Die Traditionelle Europäische Naturheilkunde (TEN) bezeichnet ein eigenständiges, rational nachvollzieh- und lehrbares Medizinsystem, das die traditionellen Wurzeln der Heilkunde mit ‚modernen‘ Erkenntnissen und Denkmodellen verknüpft. Geprägt haben die TEN bis heute Persönlichkeiten wie Hippokrates, Hildegard von Bingen, Paracelsus oder in neuerer Zeit Sebastian Kneipp, Heinrich Schüssler, Rudolf Steiner, Maximilian Bircher-Benner oder Pfarrer Künzle.
Als ganzheitliches Medizinsystem mit einer Vielzahl von diagnostischen und therapeutischen Interaktionen unterstützt TEN die Wiederherstellung des inneren und äusseren Gleichgewichts des Menschen und aktiviert dessen Selbstheilungskräfte.
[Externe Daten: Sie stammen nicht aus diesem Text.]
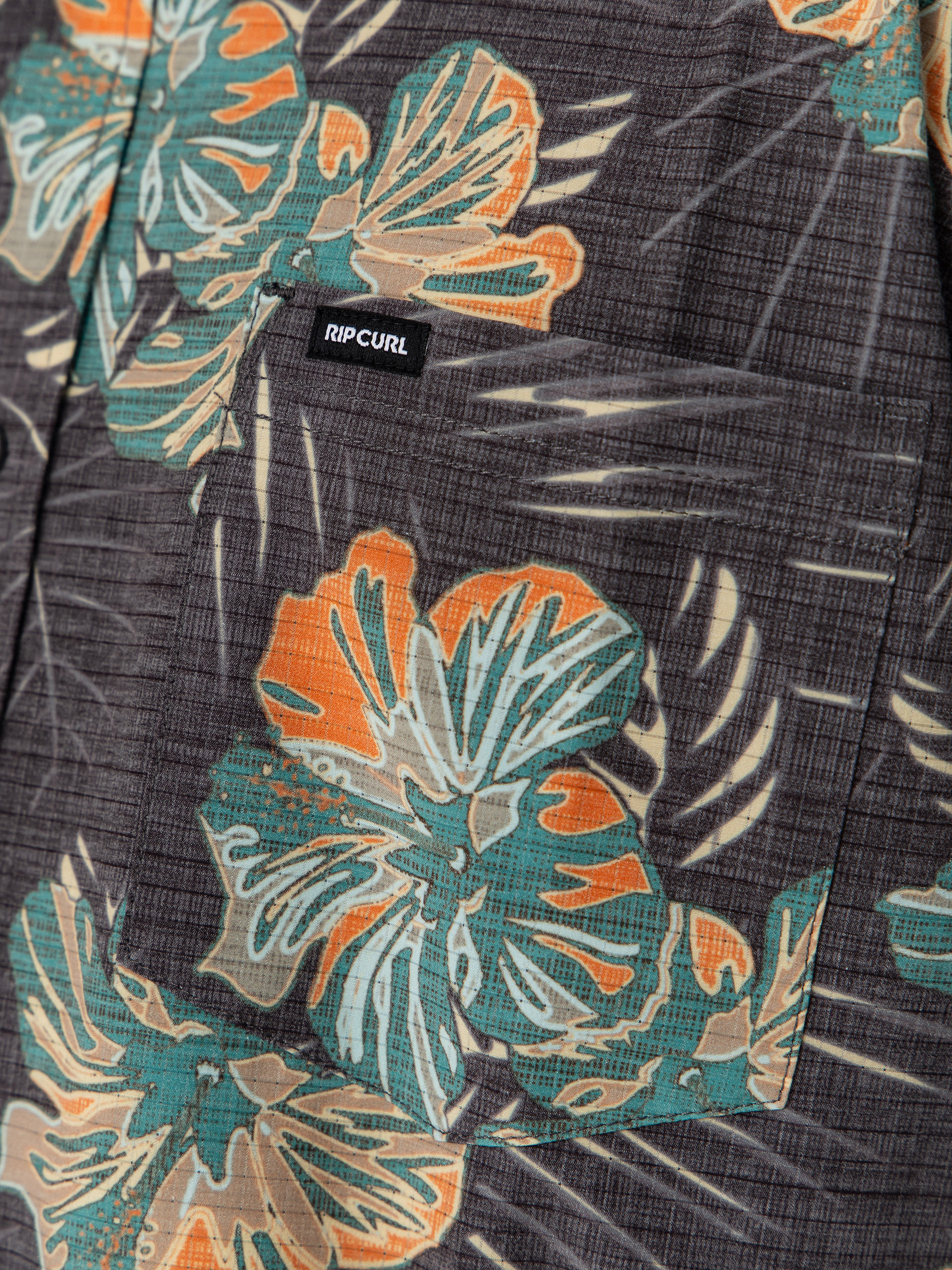 Rip Curl Sessions Aerotech Shirt (black)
Die TEN hat nicht nur eine eigene Terminologie, sondern auch ihre spezifische Funktions- (Physiologie), Fehlfunktions- (Pathophysiologie) und Krankheitslehre (Pathologie). Auf diesen Lehren baut die TEN-spezifische Diagnostik auf, die wiederum Basis der Therapiekonzepte ist. So unterscheidet sich die diagnostische Fragestellung und der Begriff ‚Diagnose‘ erheblich von der schulmedizinischen Definition.
In der TEN werden die Organe als Werkzeuge zur Realisierung von Lebensfunktionen verstanden. Krankheitssymptome sind somit Merkmale für Störungen in der Funktionalität. Hier setzt die Diagnostik der TEN an und untersucht die Hintergründe dieser Störungen, während das therapeutische Ziel darin besteht, die Funktionalität und ihre Anpassung an wechselnde Bedingungen zu optimieren.
Die TEN sieht den menschlichen Organismus als ‚offenes System‘, das in ständiger Wechselbeziehung zu seiner Umwelt steht, dessen untrennbarer Teil er ist. Daher wird Krankheit nicht als lokalisiertes, temporäres Ereignis betrachtet, sondern betrifft stets den gesamten Organismus, sowohl auf physischer als auch seelisch-geistiger Ebene.
Vier-Säfte-Lehre (Humoralmedizin)
Die Vier-Säfte-Lehre ist ein definierendes Kernelement der TEN. Entsprechend der Naturlehre, in der die Elemente der Gesamtnatur (Makrokosmos) auch im menschlichen Organismus (Mikrokosmos) repräsentiert sind, ist die Humorallehre eine logische Weiterführung der Elementenlehre. Die vier Elemente werden in Form der Kardinalsäfte abgebildet, von denen jedes wiederum definierte Qualitäten besitzt:
- Sanguis (Blut) – warm und feucht
- Phlegma (Schleim) – kalt und feucht
- Chole (Gelbe Galle) – warm und trocken
- Melanchole (Schwarze Galle) – kalt und trocken
Für das Verständnis und die Arbeit mit der Humoralmedizin ist es von elementarer Bedeutung, dass man die Kardinalsäfte nicht als Körperflüssigkeiten versteht, d. h., man wird sie nirgendwo im Körper in materieller Form finden. Die Kardinalsäfte sind Wirkprinzipien. Jeder Mensch besteht aus allen Säften, aber aus der qualitativen Dominanz eines der vier Kardinalsäfte resultiert das Temperament, was in den heute noch üblichen Bezeichnungen erkennbar wird: Sanguiniker, Phlegmatiker, Choleriker, Melancholiker. Befinden sich diese Säfte in der individuell richtigen Mischung (Eukrasie), ist der Mensch gesund.